A faithful transcript of all the lines below, with no pictures, is the goal here.

[Caption-style text data]

>>>>>

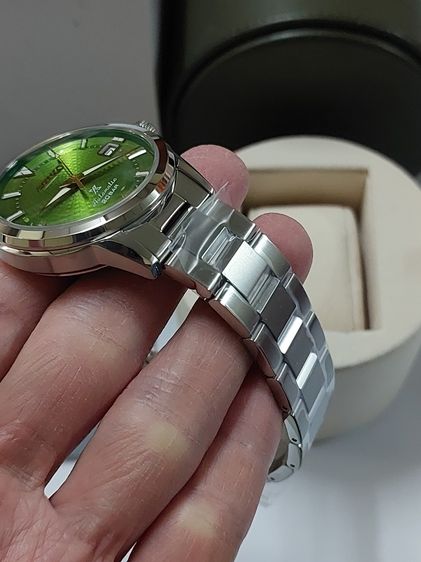 Seiko Alpinist Bamboo Grove Limited Edition (สินค้าใหม่) รูปที่ 2
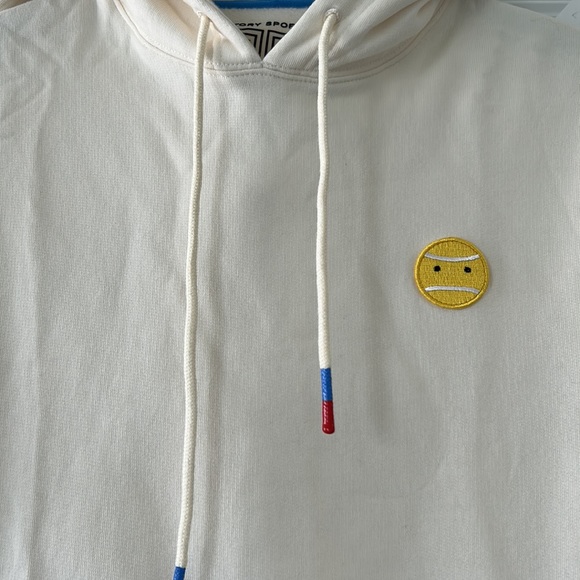 Tory Burch Sport Hoodie - Picture 4 of 6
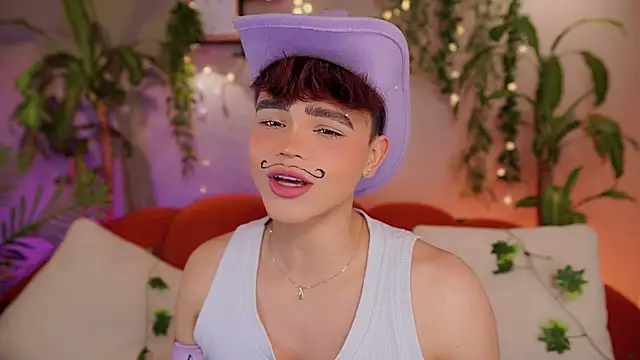 PRINCE STEV online show from 8, 7, 2026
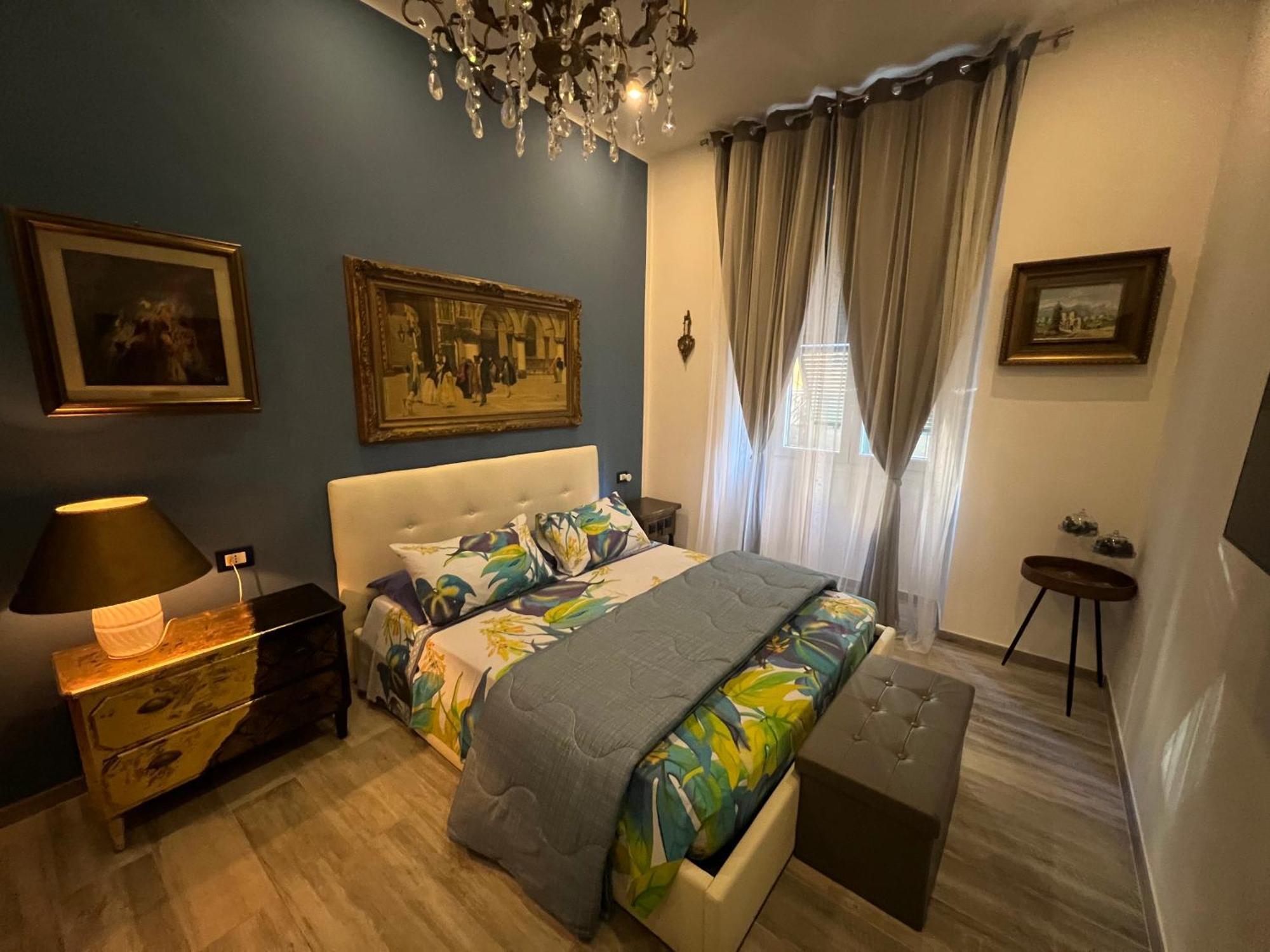 Casa Vacanza Ginevra 제노바 외부 사진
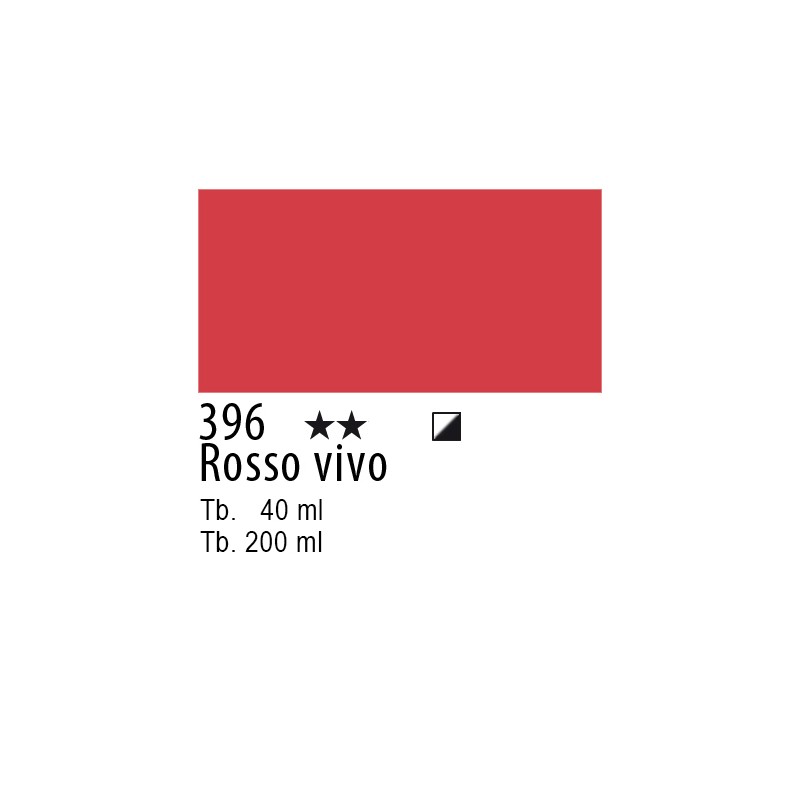 396 - Lefranc Olio Fine Rosso vivo
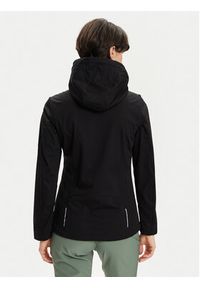 CMP Kurtka przeciwdeszczowa 39A5016 Czarny Regular Fit. Kolor: czarny. Materiał: syntetyk #3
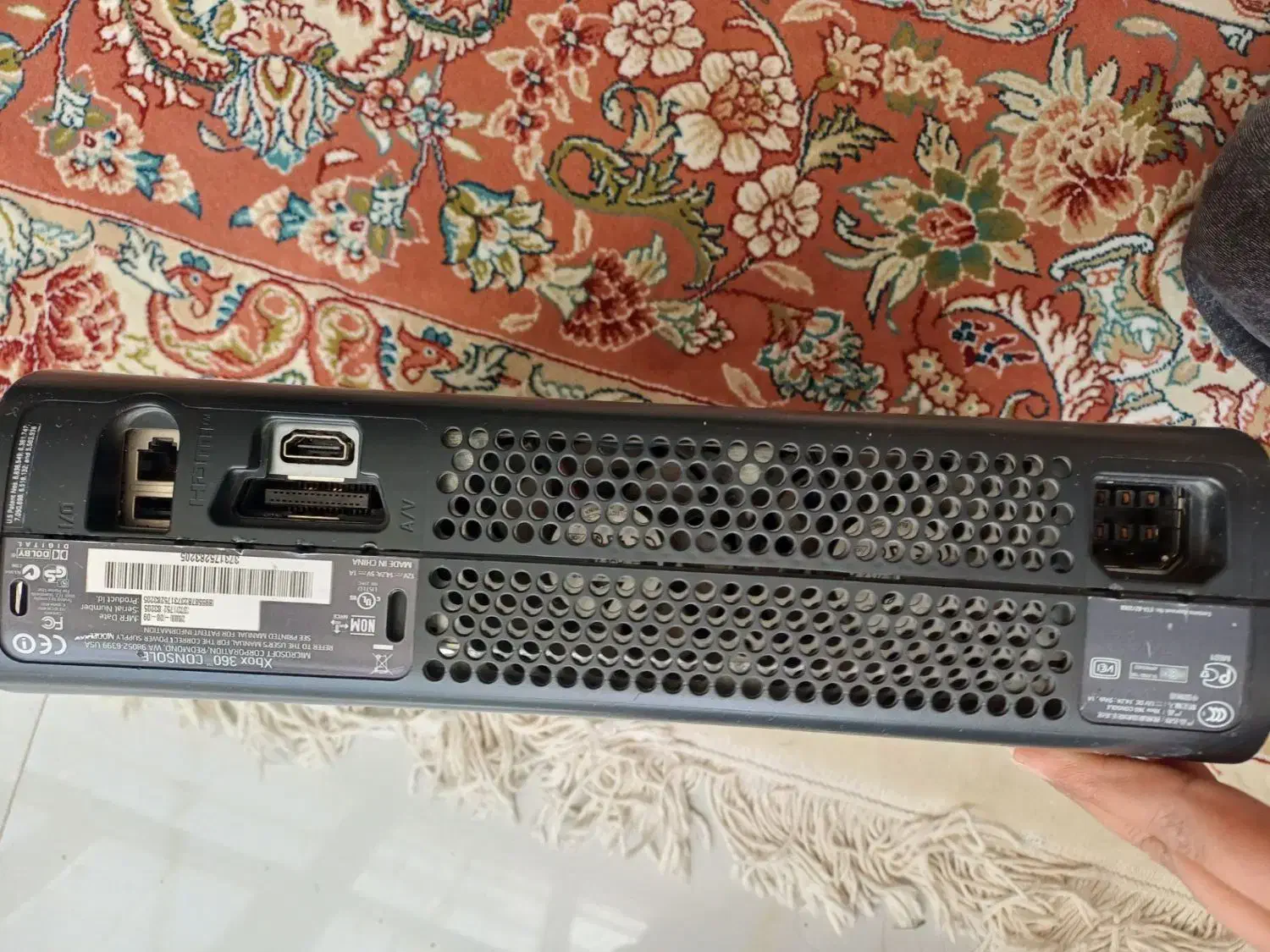 XBOX 360|کنسول، بازی ویدئویی و آنلاین|تربتحیدریه, کوی شهید احمدزاده ملکی|دیوار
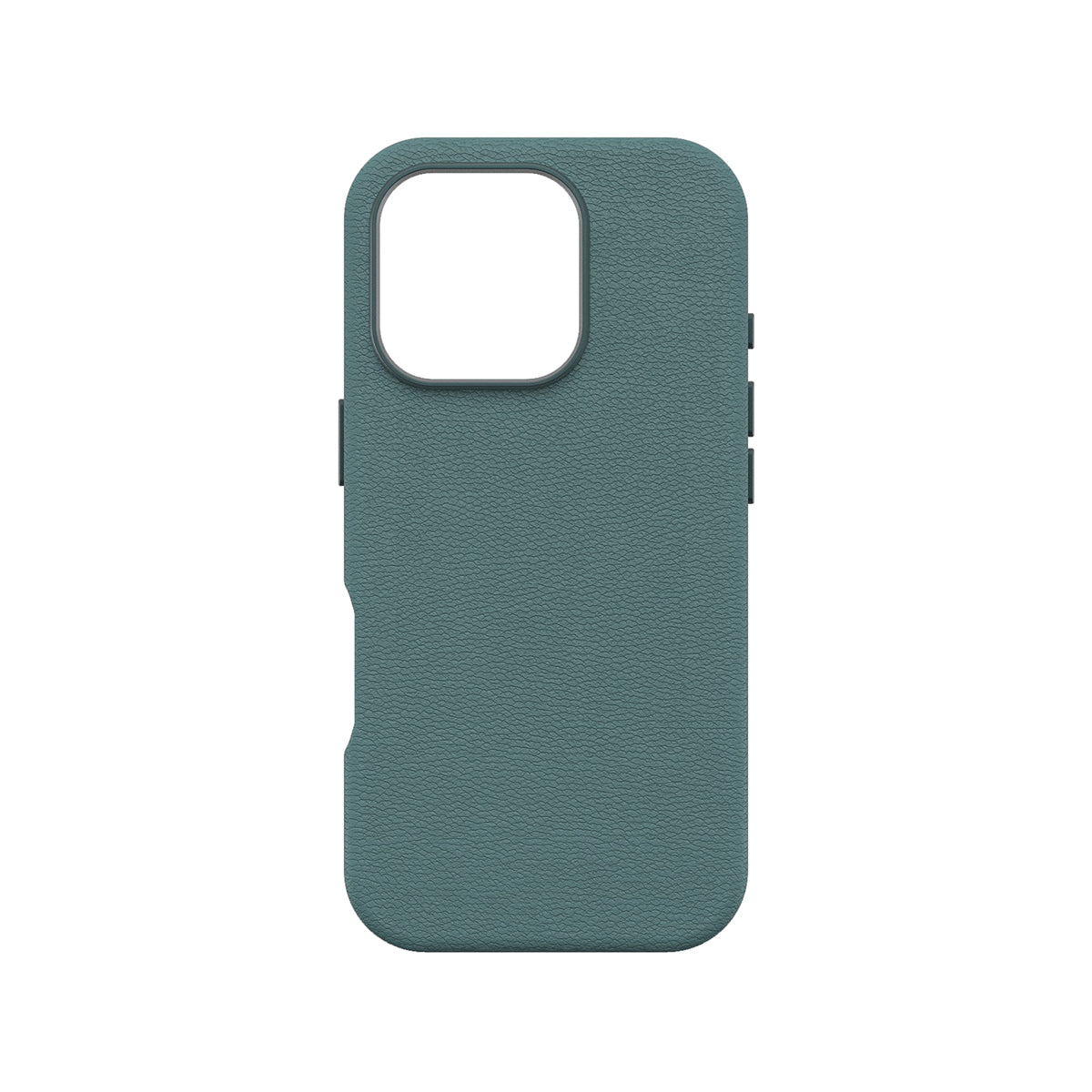 OtterBox Symmetry Cactus Leather Phone Case for iPhone 16 Pro - Green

<<<<<

• **Result**
 Seiko Alpinist Bamboo Grove Limited Edition (สินค้าใหม่) รูปที่ 2
 Tory Burch Sport Hoodie - Picture 4 of 6
 PRINCE STEV online show from 8, 7, 2026
 Casa Vacanza Ginevra 제노바 외부 사진
 396 - Lefranc Olio Fine Rosso vivo
 CMP Kurtka przeciwdeszczowa 39A5016 Czarny Regular Fit. Kolor: czarny. Materiał: syntetyk #3
 XBOX 360|کنسول، بازی ویدئویی و آنلاین|تربتحیدریه, کوی شهید احمدزاده ملکی|دیوار
 OtterBox Symmetry Cactus Leather Phone Case for iPhone 16 Pro - Green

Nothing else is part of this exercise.